# A young cop with a lot of class!



## kwflatbed (Dec 29, 2004)

*A young cop with a lot of class! *

Here is a traffic stop and arrest that just could not go right but for the expert handling by a young copper aided by two fellow officers and Taser stun gun. This kid has the right stuff and this video should be shown in every police academy.


----------



## Andy0921 (Jan 12, 2006)

hahah. I think that was an episode of cops, I have seen it before somewhere.
I love how he says "hey Todd you wanna grab that thing out of your pocket"


----------



## TypeX (Oct 16, 2005)

i think it was on COPS a couple of yrs ago (2004?) i think the 'fox' logo is blocked out (fox should voluntarily do that anyway! lol). Everyone is a tough guy until the taser comes out. (not to change the subject) but I remember one where a lady (in a car) was crazy telling the officer to 'f off' and all this other stuff.

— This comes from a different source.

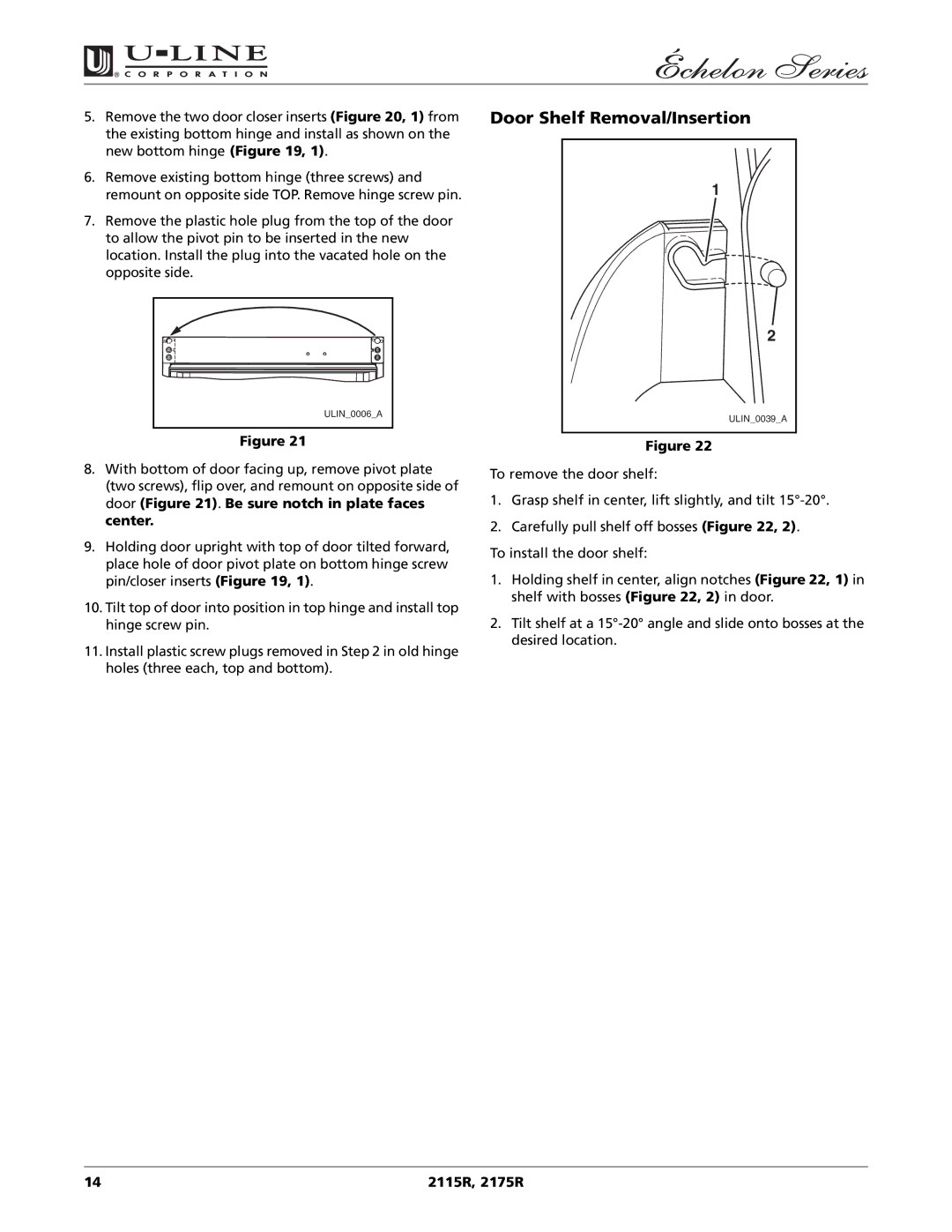 U-Line 2115R manual Door Shelf Removal/Insertion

He tasered her and she is saying she's going to die and still trying to fight. If anyone has that video post it please


----------



## Andy0921 (Jan 12, 2006)

The one where that crazy black bitch is on the phone and the officer comes up to the car and she is saying to the person on the phone "Oh no girl! Da POlice are gonna arres me! mmmmhhhhmmm girl get yo ass ova her"?


----------



## Andy0921 (Jan 12, 2006)

If it is that one, Someone posted it in another forum. I will see if i can find it.


----------



## Opie (May 28, 2003)

Awesome! Job well done!


----------